• _Your objective_: Find the line that contains "this 770×1131 image." in the entries below. Output it and each later line exactly, and nothing else.

+--

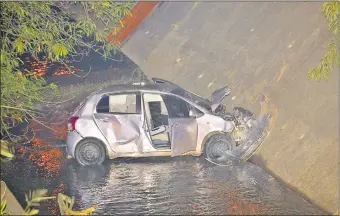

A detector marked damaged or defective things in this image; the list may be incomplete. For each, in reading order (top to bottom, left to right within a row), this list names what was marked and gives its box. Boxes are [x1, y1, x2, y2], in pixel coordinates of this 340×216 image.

damaged car [66, 77, 274, 165]
crashed hatchback [66, 77, 274, 165]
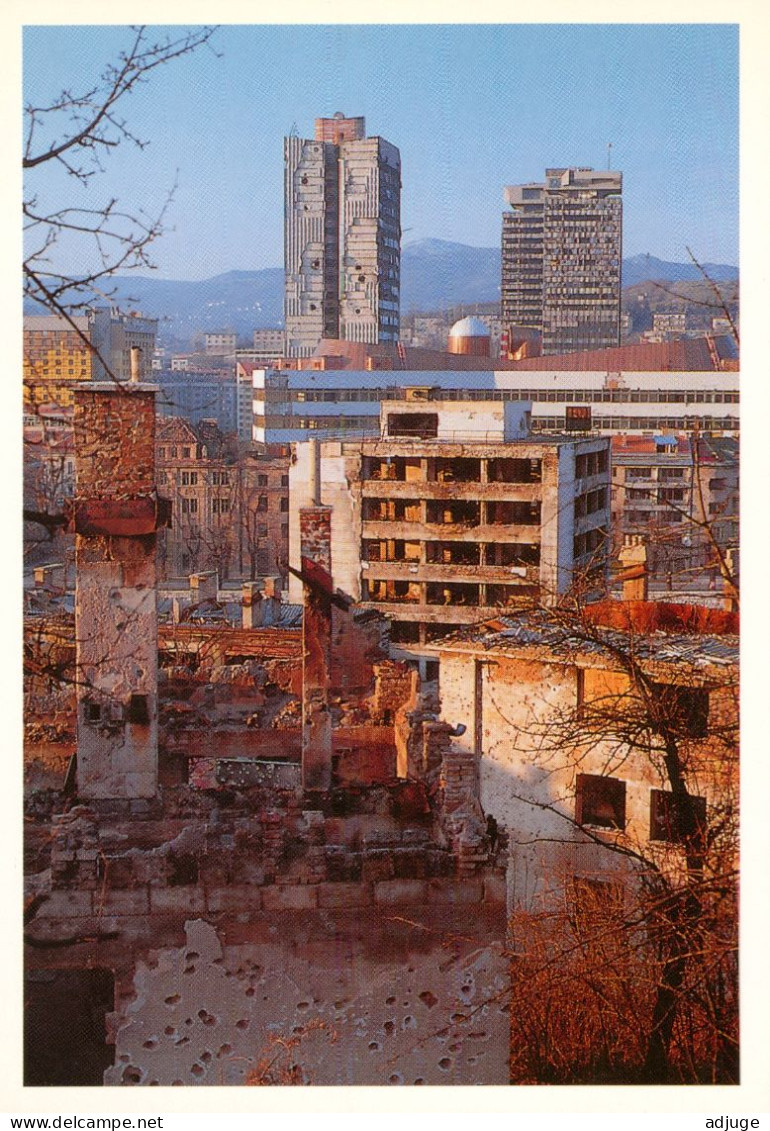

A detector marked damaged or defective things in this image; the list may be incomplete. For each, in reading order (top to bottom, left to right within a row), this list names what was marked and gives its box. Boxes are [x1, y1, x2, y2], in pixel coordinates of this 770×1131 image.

damaged multi-story building [283, 111, 402, 352]
damaged multi-story building [502, 163, 619, 352]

+--

• _Written answer_:
A detector marked damaged or defective things in this image; the list may be incomplete. For each, in reading order (top to bottom, left to right within a row), this list names what was marked and gives its box. Boxes are [x1, y1, x2, y2], in pixel coordinates of this 770×1131 image.

damaged multi-story building [283, 111, 402, 352]
damaged multi-story building [502, 163, 619, 352]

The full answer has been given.